I finished my three days at Angkor, and while there is certainly more to see (isn't there always?), I'm leaving Siem Reap tomorrow morning and making my way back to Phnom Pehn. Then I'm hopefully going to get an express visa to Vietnam and spend a little time in Ho Chi Minh/Saigon, before its back to Phnom Penh and a quick flight to Hong Kong. If getting to some of the more remote sites of ancient Angkor wasn't such a pain, I could easily spend a week more here. But the fact is, it's a good $60US a day to hire a car to take me the hundred odd kilometers to and from the sites I'd want to see, in addition to admissions and food and accommodations and assorted other costs. That’s just too much for me, and Vietnam should be much cheaper.

And I gotta say, I've had my fill of Siem Reap for quite some time. Maybe it's because I've been traveling alone, but this place seems to just be a cold shell of a town, with nothing to do beyond emptying your wallet. Everything's expensive, everyone is trying to soak you for money, and the impression I'm left with is a loosely-contained theme park, where everything is overpriced and you're at the mercy of those behind the counter. I've been to some incredibly poor parts of the world, some rural areas of China, Morocco, and Jamaica, but Cambodia seems to sink its fangs deep.

I was tired of spending money, so this afternoon I walked along the river that flows through the center of Siem Reap, the river that feeds into the legendary Tonle Sap Lake. I was just sitting in the shade, watching the traffic go by, the methodical compressed-air whiz of nail guns firing on a building under construction across the river, tuk-tuks and motos scurrying to their destinations, slow and concentrated chisels and saws working in the myriad furniture shops along the road, all the while the stinking muddy waters of the river lazily floating past.
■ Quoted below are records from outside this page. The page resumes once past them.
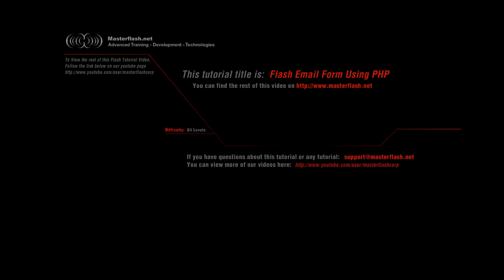That ends the Flash email form using PHP sample video tutorial. You can find the full video tutorial along with source files and all relevant information on masterflash.net. Hope you enjoy it.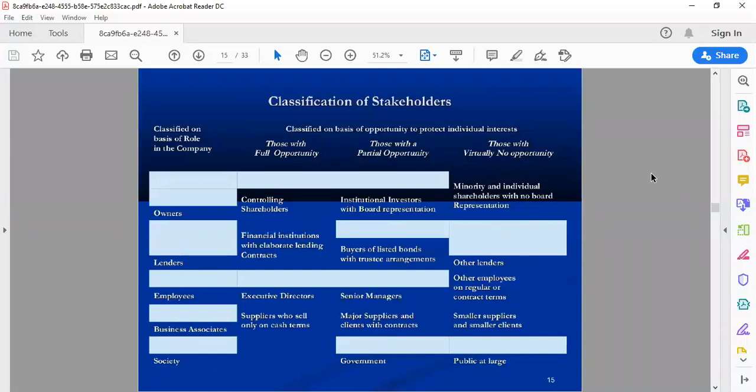Common shareholders are in the company and they do decision-making. Preferred shareholders have limited decision-making power and controlling power, but they are owners in the profit of the company. Those with a partial opportunity — partial opportunity means they get some percentage of the profit and some percentage of the benefits. In this case, we have institutional investors. Companies invest in other companies, and institutional investors have partial opportunities within an organization.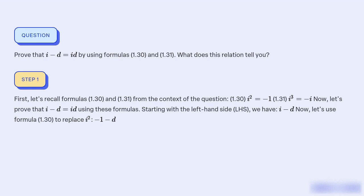Now let's prove that i² − i = i·d using these formulas. Starting with the left-hand side (LHS), we have i² − d. Using formula 1.30 to replace i², this becomes −1 − d.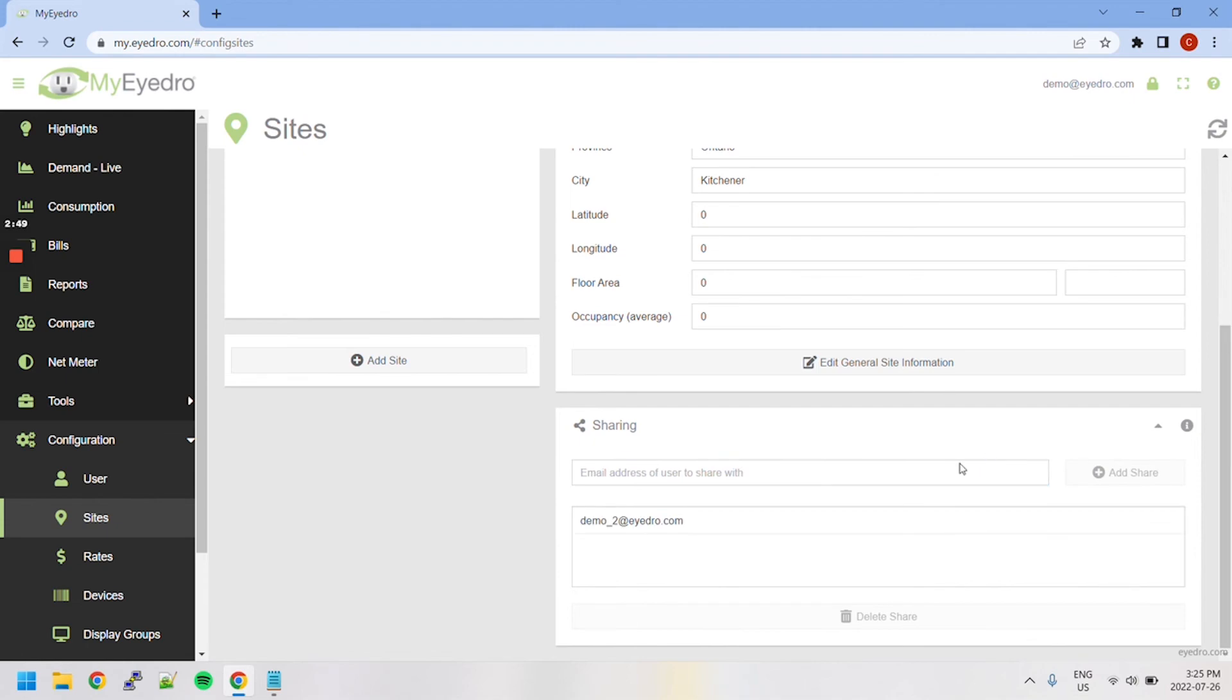I have now shared my site with Demo2. To revoke this site share, select it from the share list and then click the Delete button below.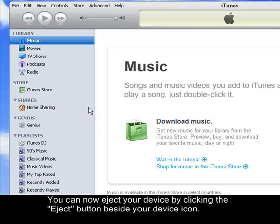Now, that concludes the guide on how to transfer songs from a folder to your iPod using iTunes.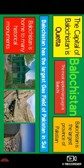Here comes Balochistan. The capital of Balochistan is Quetta. Balochistan is the largest province of Pakistan and the most spoken language is Balochi. Balochistan has the largest gas field of Pakistan in Sui. Balochistan is home to many historical monuments like Quaid-e-Azam's residence in Ziarat, Mulan Pass, and the famous Gwadar Port.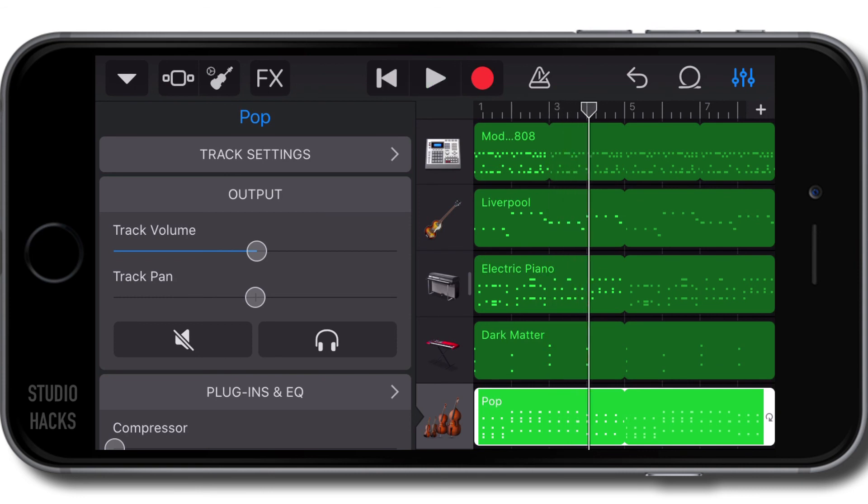So that's the smart strings instrument. In the next video, we're going to have a look at the smart guitar.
A nice little scene. But within ten minutes, a group of four schoolgirls, no more than ten years old, spotted me, opened up their backpacks, and pulled out those staples of Cambodian commerce: postcards, bracelets, books on the bloody revolution and Lonely Planet knock-offs. The same wares being hawked all over the country, the same shit you have to avoid around every fucking corner within Angkor; these girls went to school prepared. I talked to them for a bit, which is always a good way to defuse the onslaught (they can count from one to ten in many different languages ... it's the postcards, they count them out for you all the time), but before long, they slid out of the conversation, and it was just more pressing to buy their stuff. I was getting ready to go when a young guy, maybe twenty five, approached and started to chat. He told me he worked for a non-governmental organization (an NGO, which are quite prevalent here). We began a pleasant little conversation, but eventually he slipped into his sales pitch, took out a big fat notebook full of email addresses and monetary pledges from others. He gave me a photocopy of his NGO pamphlet, and when he asked for my email, he pressed me to make a donation "for his students," where he pulls out a big dirty plastic bag filled with wallet-sized photos of kids. And he just keeps pressing you to write down a sum, five dollars, ten dollars, on that sheet of paper, because once you write it down, you’ve signed the contract and you gotta hand him the money. He just wouldn't leave me alone: "Come on, my friend, five dollars, for milk for de chill-dren!" I had to lie, I had to walk away, there's just no way to be left alone here. Every foreigner is a target, it doesn't matter if you're a rich German businessman with a family or a solo English teacher "making the big bucks" in China.

But what do you expect? You’re a traveler, you have the money and time to take a holiday to a foreign country and spend a week playing Indiana Jones, spelunking through these old temples. When I was in Jamaica, there was a similar atmosphere, of poverty so crushing that people had to be confrontational and aggressive just to eat. It annoyed some of the people I was with, and I in turn was annoyed at them, at how simple-minded they were being: this is how people make their living here. They don’t have a nine-to-five, they don’t have holidays or vacations, and every day is a struggle.

This remains true. And yet it’s oppressive here, I hate it, and I am glad to be returning to Phnom Penh.